Why the low popularity/usage of WMA Lossless? (according to the poll)

Reply #32
There's nothing wrong with wmal, or wma in general for that matter. Unlike other users, I don't discriminate against apple or microsoft or open source. (although I really hate apple, but don't rip people who choose to use their products). WMAL has one prime raison d'etre. The zune 120. If you are one of the lucky people to have one of these you can take your entire cd collection losslessly on the go with the superior zune interface. That interface is the main reason I still keep a zunehd in my car. I've tried using my rockboxed clip in my car. Do you know how hard it is to drive and navigate that tiny screen? And the zune interface does things no other interface does. One touch shuffle of your entire music collection. One touch artist playback, it plays all their albums from newest to oldest. One touch album playback. Why is it nobody else has this?! Even on my droid phone you can't one touch play an album. You have to long press than press play, rather dangerous to be distracted that length of time. With the zune it's tap the album cover and it plays with a very nice now playing screen. If you are in shuffle mode and you decide you want to hear the album of that track you just tap the cover and it plays the album unshuffled. Nothing compares to zune for on the go interface. It's a shame they discontinued the 120 I would love to buy one and skip lossy encoding altogether.

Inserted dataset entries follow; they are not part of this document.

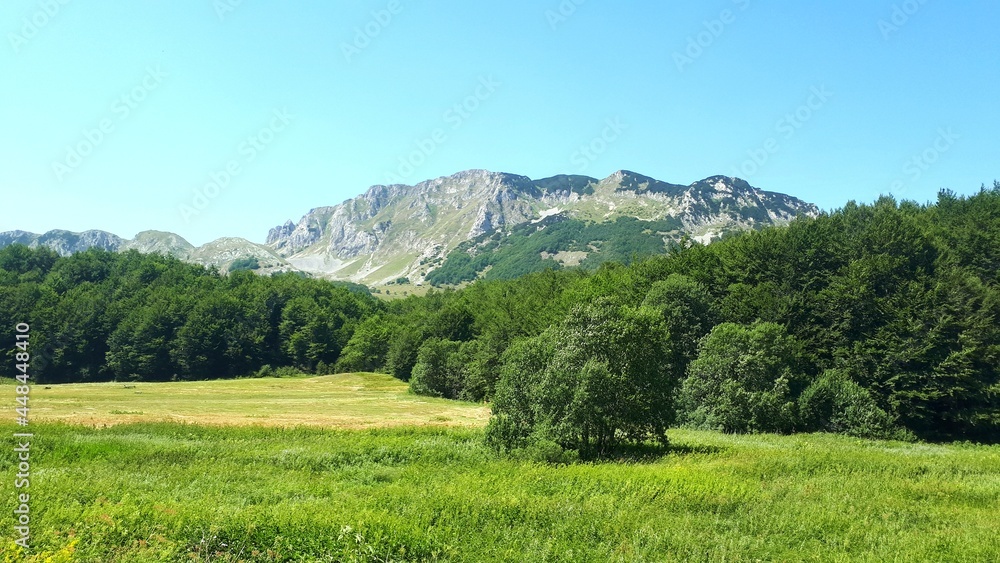 Mountain Zelengora landscape with green meadows, forest and high mountain peaks, Bosnia and Herzegovina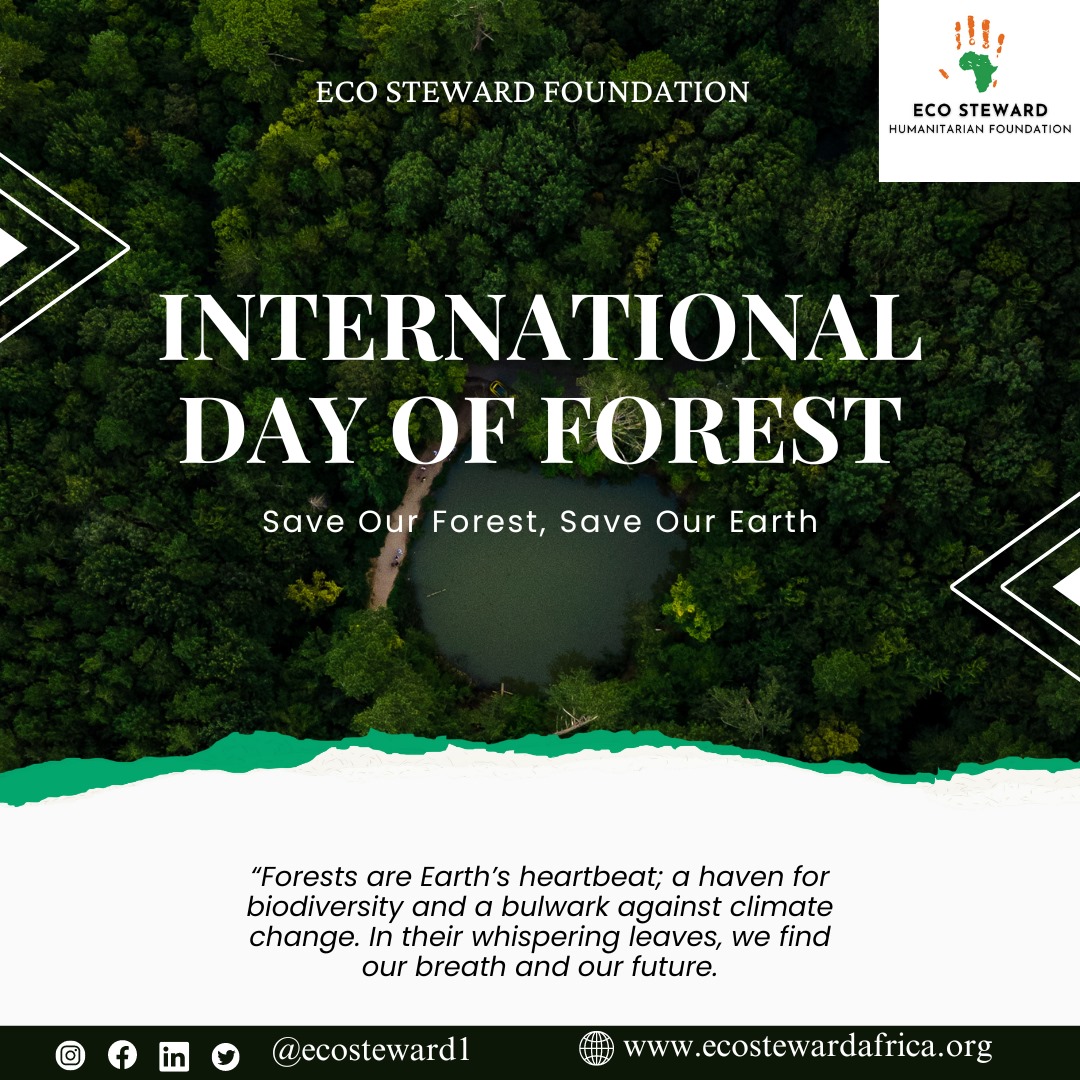 Today, as we celebrate #InternationalDayOfForest, let’s remember that forests are not just trees, but the heartbeat of our planet, the foundation of our climate resilience. Let’s cherish and protect them for generations to come.

#ForestConservation #ClimateAction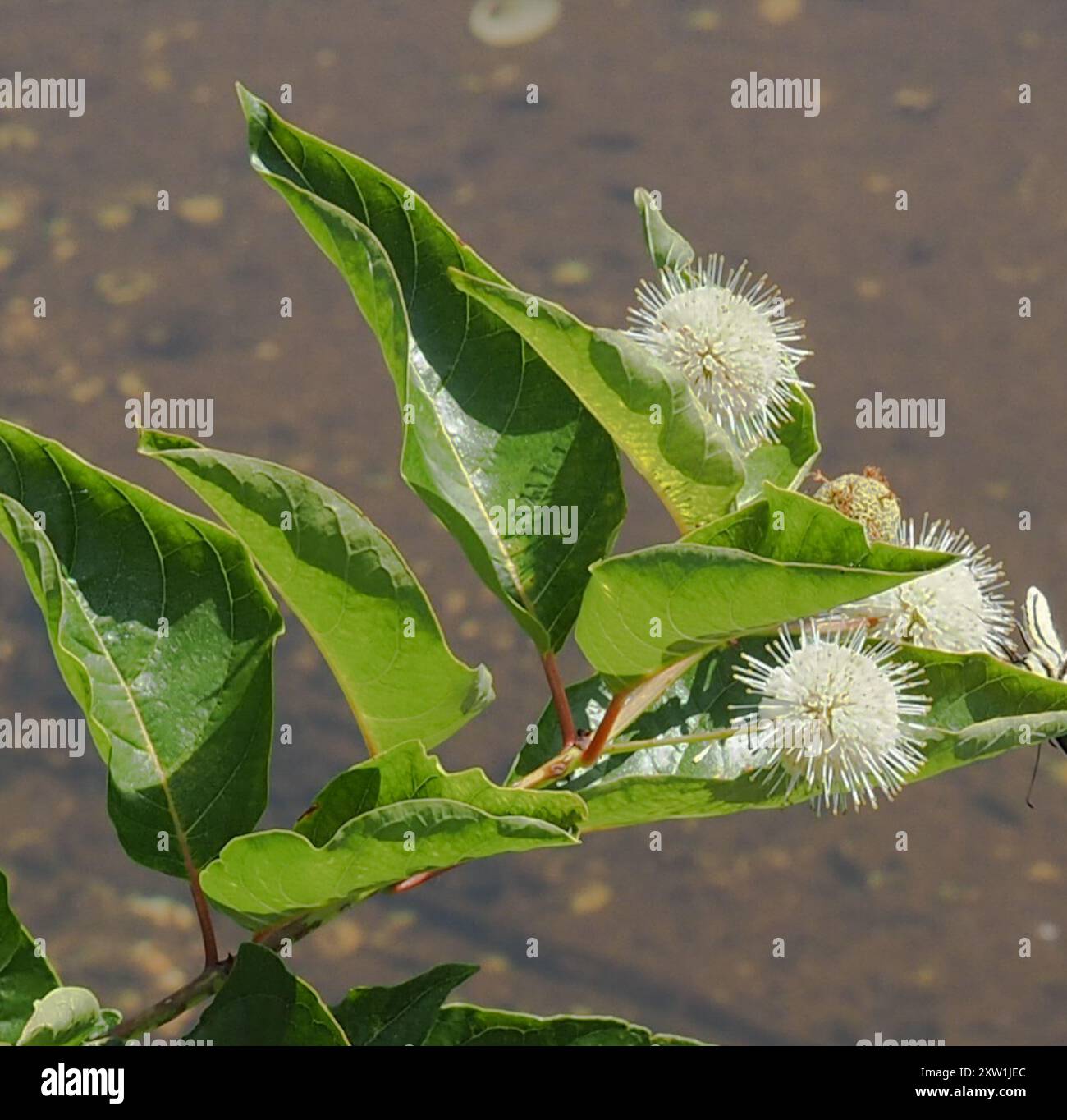 buttonbush (Cephalanthus occidentalis) Plantae Stock Photo - Alamy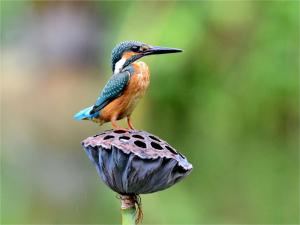 Common birds in the spring of Qiqi River - common kingfisher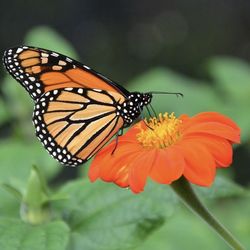 Mexican Sunflower Cuttings $10 Each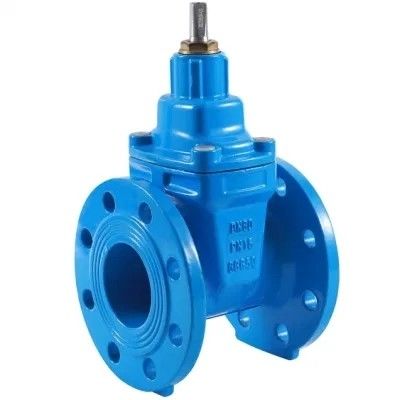 Valve de dégagement d'air en acier inoxydable avec support logiciel personnalisable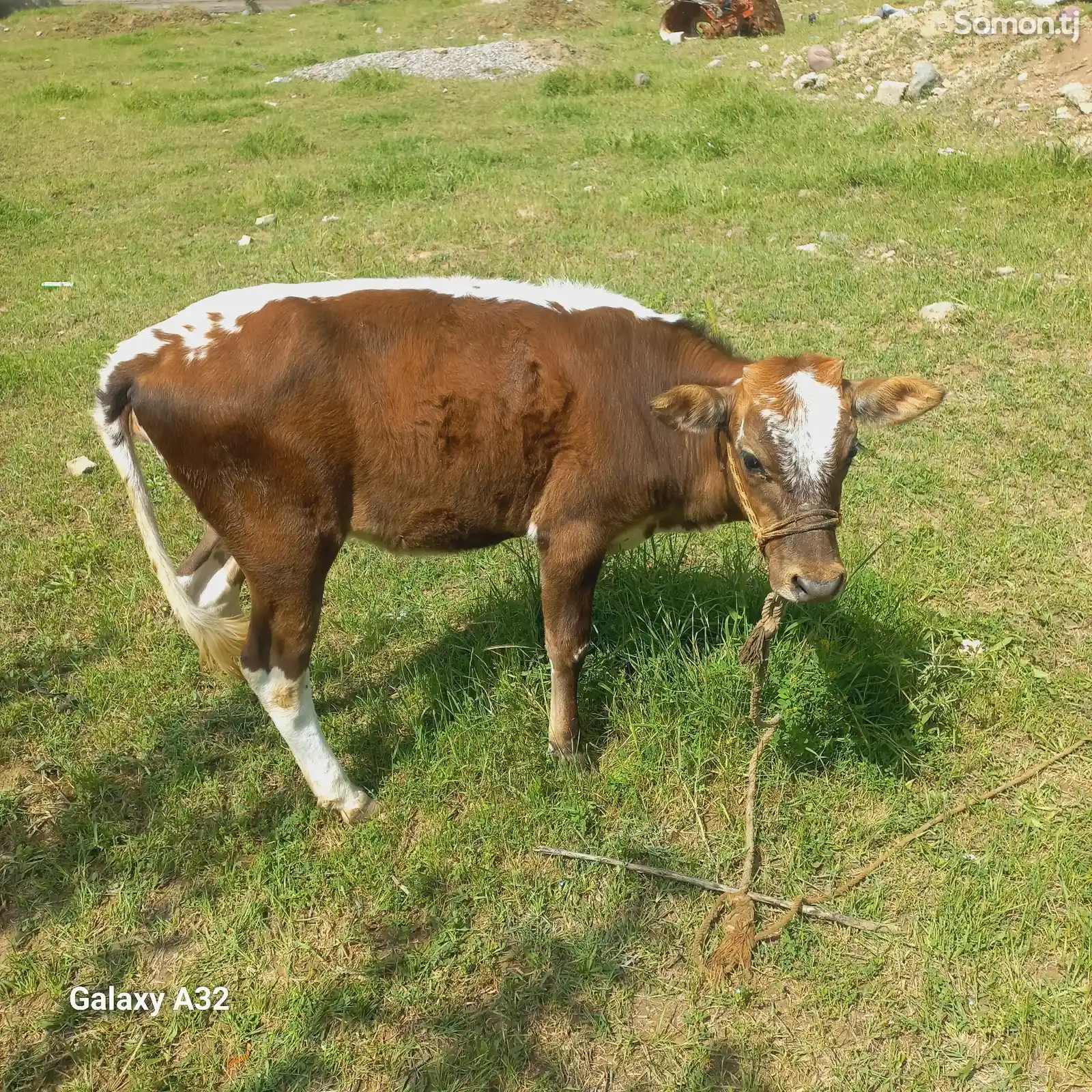 Корова-5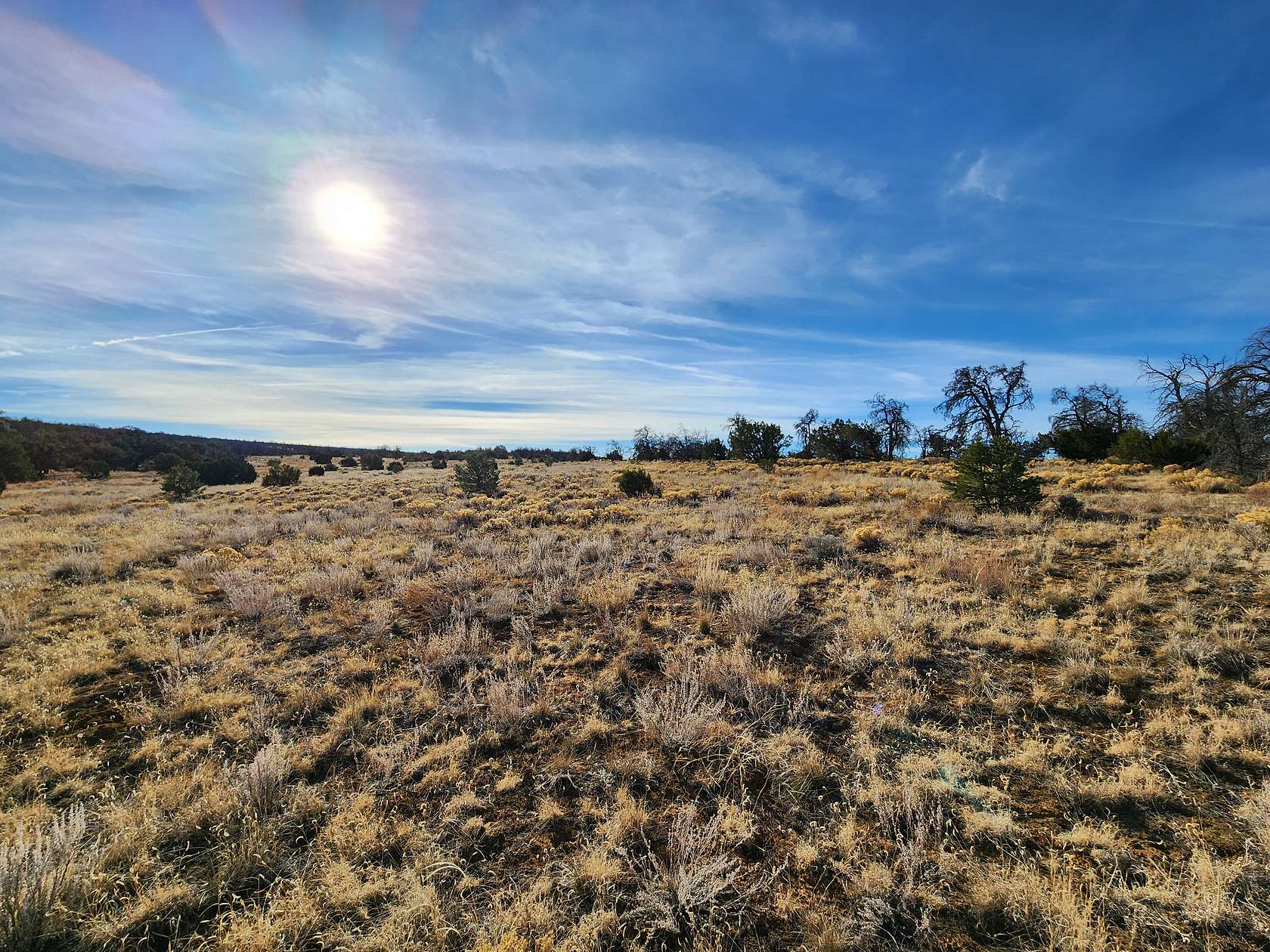 2.5 Acres of Residential Land for Sale in Pinehill, New Mexico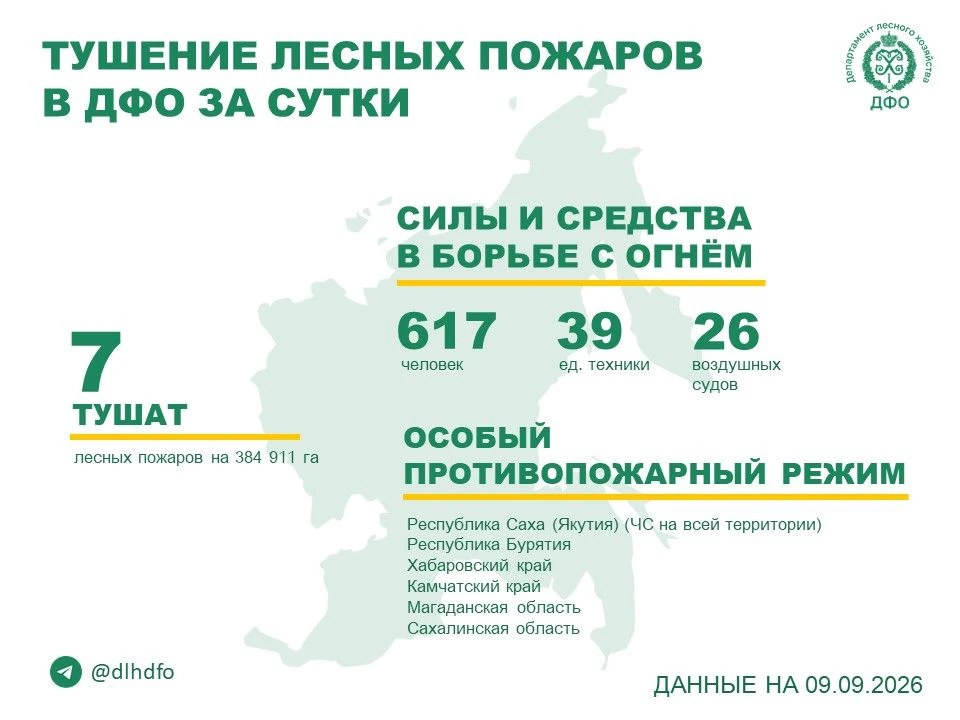 🧑‍🚒За прошедшие сутки в регионах ДФО продолжается тушение 7 лесных пожаров.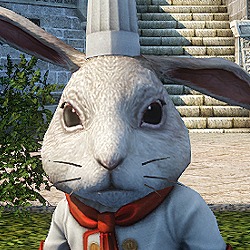 「イカロス オンライン」1人専用インスタンスダンジョン「挑戦の塔」が実装！料理イベント「ハカナス料理大会」も開始の画像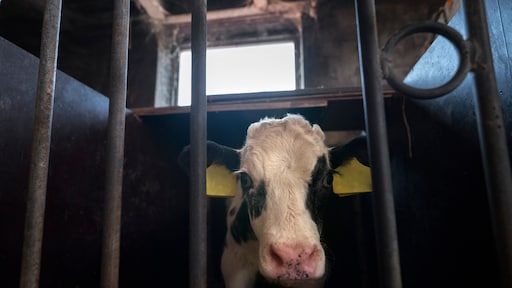 Leiding NVWA al jaren op hoogte van misfunctioneren eigen afdeling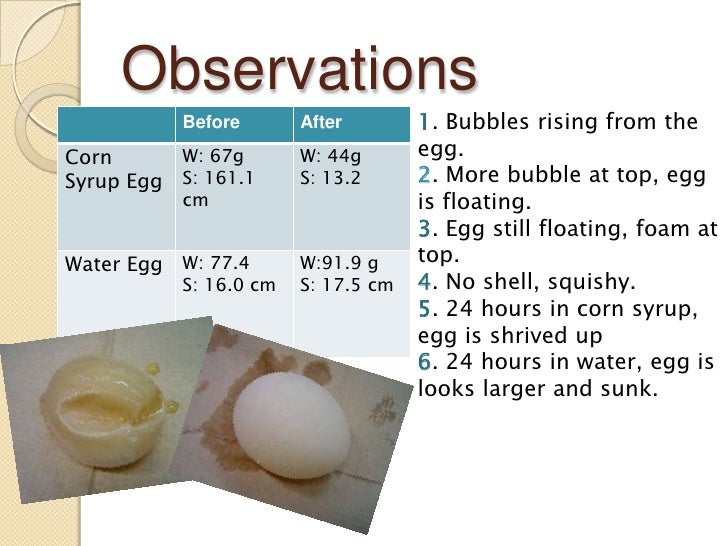 Sarissa Lloyd 816 Egg osmosis experiment powerpoint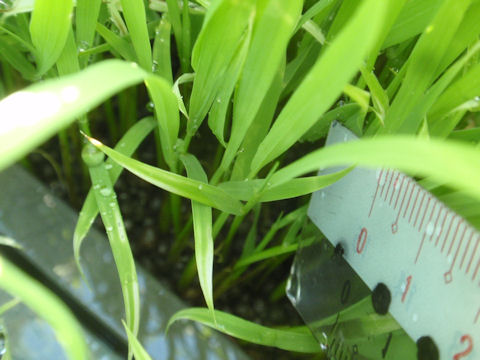 f:id:chuumeikun:20160506030552j:plain f:id:chuumeikun:20160506030552j:plain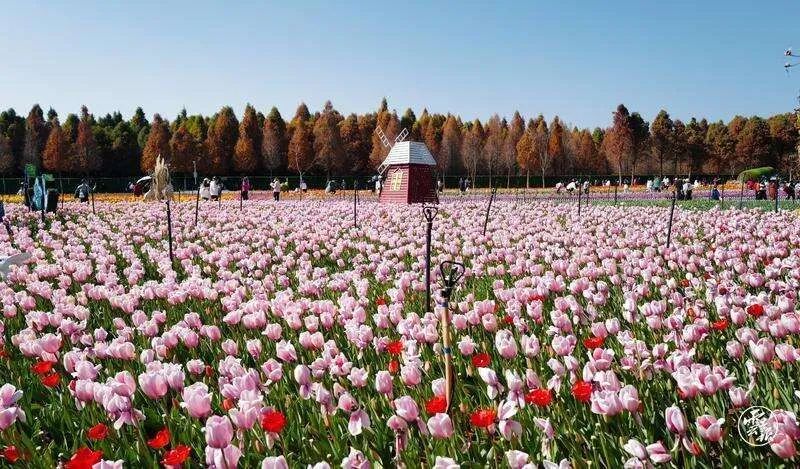 迈开脚步看风景别辜负昆明好风光,带你看云南昆明美景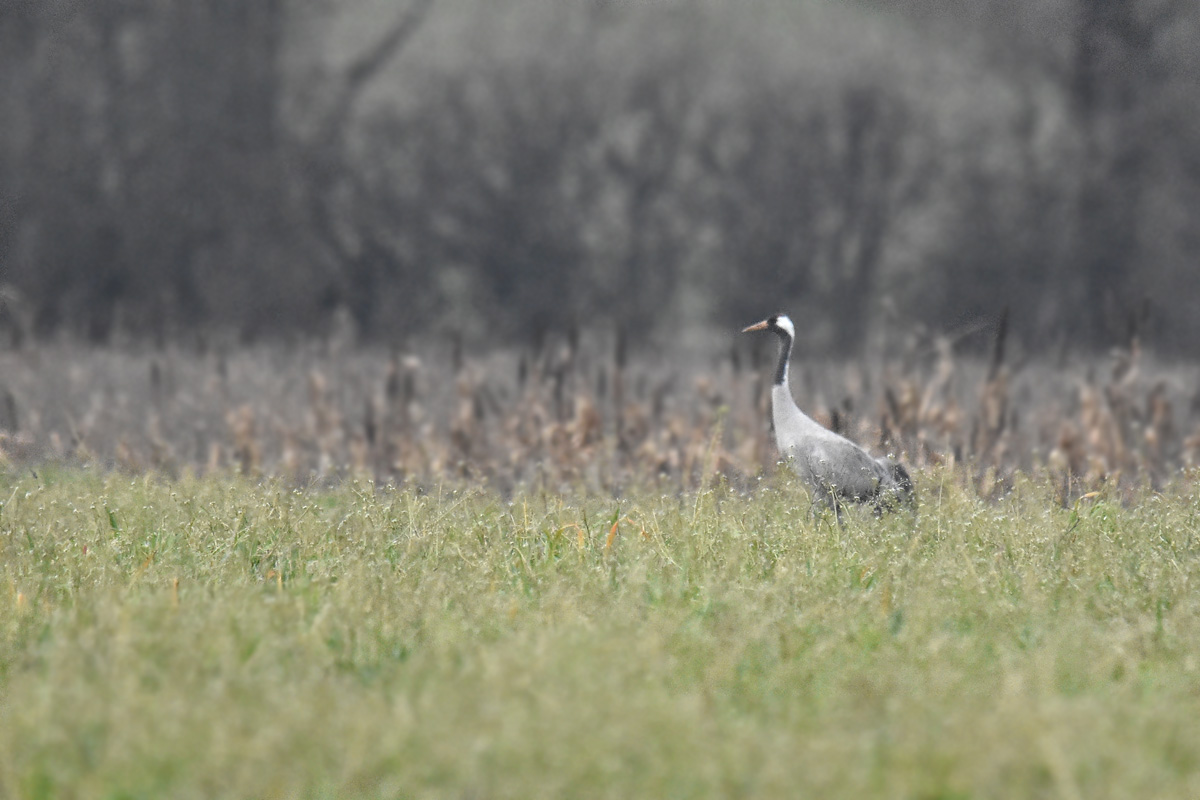 photo -  Photos d'observation  Natur'elle  - Page 3 Grue_c11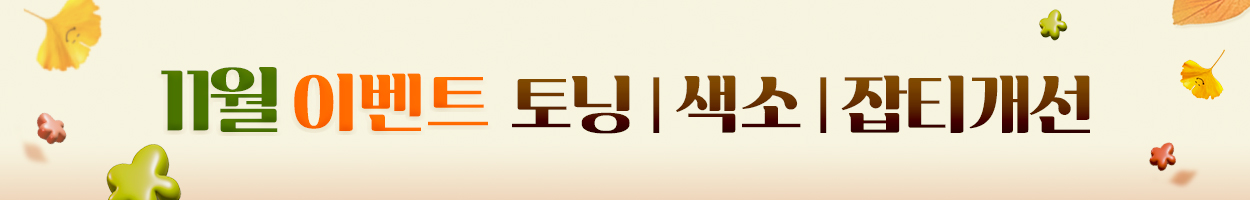 <br><br>11.01~11.30 l 인천점 방문고객대상 l VAT 별도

Do you work for Microsoft?

Why the low popularity/usage of WMA Lossless? (according to the poll)

Reply #33
There's nothing wrong with wmal, or wma in general for that matter. Unlike other users, I don't discriminate against apple or microsoft or open source. (although I really hate apple, but don't rip people who choose to use their products). WMAL has one prime raison d'etre. The zune 120.
  ...
It's a shame they discontinued the 120 I would love to buy one and skip lossy encoding altogether.


So the best thing about it is it only works (wrt portables) on a player you can't get?

SPeaking of Zune, we're getting close to that special time when they freak out  on the 366th day of the year. 
Did Msoft ever give a firmware update on that, or did they figure no one would keep a player until the next leap year?


Why the low popularity/usage of WMA Lossless? (according to the poll)

Reply #34
WMA (and I don't mean WMA Pro) scored consistently at the bottom in listening tests except for the lowest bitrates. This made it a good choice for dial-up, but not much else.

Why the low popularity/usage of WMA Lossless? (according to the poll)

Reply #35
What's so bad about WMAL?



Does Microsoft still support it or have they dropped it just like they did MSN Music Marketplace, Zune, Kin, PlayForSure, Sinofsky, etc... ?

 

Why the low popularity/usage of WMA Lossless? (according to the poll)

Reply #36
Maybe because of this? http://www.hydrogenaudio.org/forums/index....showtopic=45377

"Random access test" of decoder validator (foo_input_validator) still fails on today (Windows 7). So, sample accurate seeking is impossible on WMAL. I don't know if this is due to by design of ASF container or flawed run-time library or other reason. Anyway, MS has abandoned WM codecs, no hope of "fixing" it, and I have no reason to use it.


That's nothing compared to the screw up with wma voice:
http://blogs.gnome.org/rbultje/2010/01/25/...dec-dissection/

Ten years later their official decoder still can't decode the format correctly as far as I know.  That's what happens when you try to take shortcuts and designs decoder implementation as the specification; you end up baking in your own bugs into the format without realizing it. Not too surprising I guess that ms gave up on audio.